FDA-Approved Medications: New Data
Company: Novartis Pharmaceuticals Corp.
- Oral medication; 0.5 mg capsule taken once daily
- Approved for relapsing forms of MS
Gilenya is the first in a class of immuno-modulatory drugs called “S1P-receptor modulators.” It is similar in structure to a naturally occurring component of cell-surface receptors on white blood cells. (White blood cells are produced by the immune system to fight infection and disease.) Gilenya blocks potentially damaging T cells from leaving lymph nodes, lowering their number in the blood and tissues. It may reduce damage to the CNS and enhance the repair of damaged nerves within the brain and spinal cord.
Although Gilenya was approved for relapsing-remitting MS (RRMS) in 2010, clinical trials have continued to evaluate its role in MS. The 36-month INFORMS trial evaluated the effect of Gilenya relative to placebo on delaying the time to sustained disability progression in patients with PPMS. As there is presently no FDA-approved medicine for PPMS, this was an important study for the field.
The enrollment of 969 PPMS patients into the INFORMS trial was completed in 2011, and the trial’s data analysis was completed in 2014. Novartis announced in December 2014 that unfortunately, the primary outcome of the study was not met. Gilenya did not show a significant difference from placebo on a combination of disability measures.

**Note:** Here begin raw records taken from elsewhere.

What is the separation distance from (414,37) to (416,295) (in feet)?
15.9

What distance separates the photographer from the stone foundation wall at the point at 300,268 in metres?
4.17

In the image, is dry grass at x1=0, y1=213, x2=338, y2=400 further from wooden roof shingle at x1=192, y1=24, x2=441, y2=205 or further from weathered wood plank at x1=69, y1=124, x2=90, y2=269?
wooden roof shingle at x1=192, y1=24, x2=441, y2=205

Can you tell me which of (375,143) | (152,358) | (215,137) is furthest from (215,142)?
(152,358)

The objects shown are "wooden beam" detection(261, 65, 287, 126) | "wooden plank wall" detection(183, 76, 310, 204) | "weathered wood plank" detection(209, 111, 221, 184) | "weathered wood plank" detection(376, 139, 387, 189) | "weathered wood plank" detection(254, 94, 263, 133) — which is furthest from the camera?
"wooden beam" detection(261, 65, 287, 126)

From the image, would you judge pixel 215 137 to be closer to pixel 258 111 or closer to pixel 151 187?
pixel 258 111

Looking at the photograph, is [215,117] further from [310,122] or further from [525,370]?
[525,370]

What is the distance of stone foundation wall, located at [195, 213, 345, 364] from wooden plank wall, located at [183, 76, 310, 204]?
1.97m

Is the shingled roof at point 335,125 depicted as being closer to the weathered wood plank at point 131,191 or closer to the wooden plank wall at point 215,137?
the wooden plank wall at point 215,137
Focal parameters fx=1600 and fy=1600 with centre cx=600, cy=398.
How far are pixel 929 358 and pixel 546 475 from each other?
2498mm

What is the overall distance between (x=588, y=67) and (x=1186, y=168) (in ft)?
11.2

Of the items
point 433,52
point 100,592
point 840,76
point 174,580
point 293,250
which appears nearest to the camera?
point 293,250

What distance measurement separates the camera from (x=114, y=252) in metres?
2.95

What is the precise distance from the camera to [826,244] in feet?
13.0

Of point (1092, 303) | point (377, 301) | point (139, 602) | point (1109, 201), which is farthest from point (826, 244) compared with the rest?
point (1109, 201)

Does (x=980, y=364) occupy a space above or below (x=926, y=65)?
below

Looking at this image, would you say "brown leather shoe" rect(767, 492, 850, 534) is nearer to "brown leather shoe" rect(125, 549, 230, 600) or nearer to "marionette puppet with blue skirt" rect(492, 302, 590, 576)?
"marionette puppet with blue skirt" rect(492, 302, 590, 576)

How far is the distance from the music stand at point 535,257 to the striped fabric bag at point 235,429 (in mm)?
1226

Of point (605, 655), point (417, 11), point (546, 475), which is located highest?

A novel, primary-composite disability endpoint was used in the trial, based on the increase in disability as measured by the Expanded Disability Status Scale (EDSS), the 25-Foot Timed-Walk Test (T25FW), and the 9-Hole Peg Test (9-HPT). Other key endpoints were the formation of new lesions and percentage of brain-volume change (PBVC), or brain atrophy (the shrinking or reduction of brain volume). Detailed results of the trial were presented in spring 2015. Gilenya did not prevent the accumulation of disability in patients with PPMS any greater than placebo. Furthermore, PBVC did not differ between the Gilenya and placebo groups.

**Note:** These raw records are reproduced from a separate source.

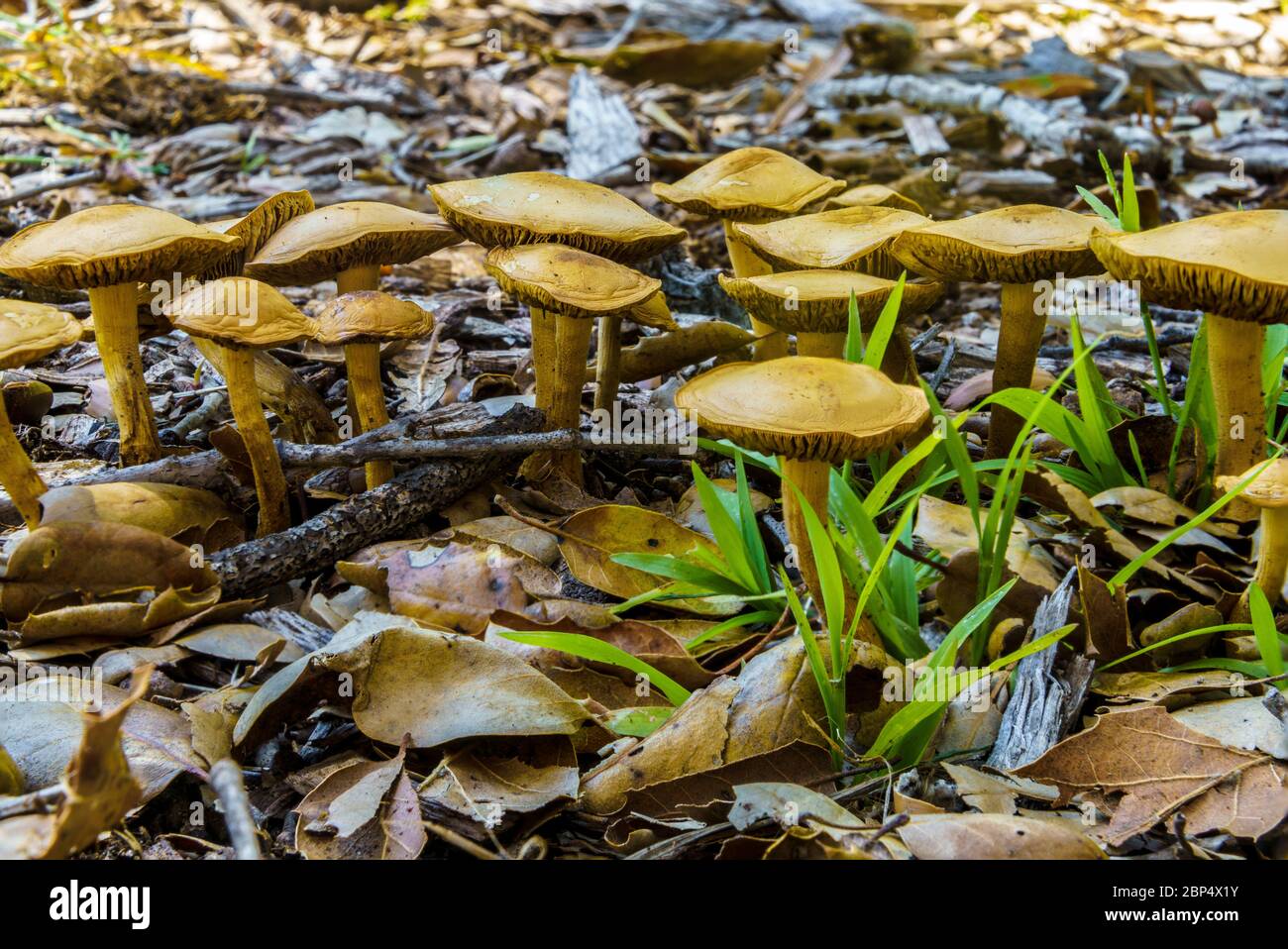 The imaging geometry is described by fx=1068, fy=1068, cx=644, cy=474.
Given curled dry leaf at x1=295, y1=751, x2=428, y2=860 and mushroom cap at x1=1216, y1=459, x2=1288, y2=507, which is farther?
mushroom cap at x1=1216, y1=459, x2=1288, y2=507

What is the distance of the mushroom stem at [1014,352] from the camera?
275 cm

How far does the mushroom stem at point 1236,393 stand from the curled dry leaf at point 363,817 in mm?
1957

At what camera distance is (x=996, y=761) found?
6.63ft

Unsurprisingly, given this agent’s success in reducing relapses and new MRI lesions in RRMS patients, there were fewer new MRI lesions seen in the Gilenya-treated patients. The safety results were generally consistent with this medication in prior MS trials. It is certainly disappointing that Gilenya did not significantly slow disease progression in PPMS. These findings, like those of Tysabri in SPMS, have important implications for the understanding of progressive disease, and will no doubt allow researchers to refine how this is studied moving forward.
Another ongoing Gilenya clinical trial is a Study Evaluating Safety and Efficacy of Two Doses of Fingolimod Versus Copaxone.3 This 12-month trial will compare the marketed dose of Gilenya with one-half this dose, using Copaxone as a comparison, on annual MS relapses and several MRI measures of disease. The goal of this study, which was required by the FDA, is to assess if a lower dose of this medication may be equally effective at reducing the number of relapses in patients with relapsing forms of MS. This study is expected to report data in 2016.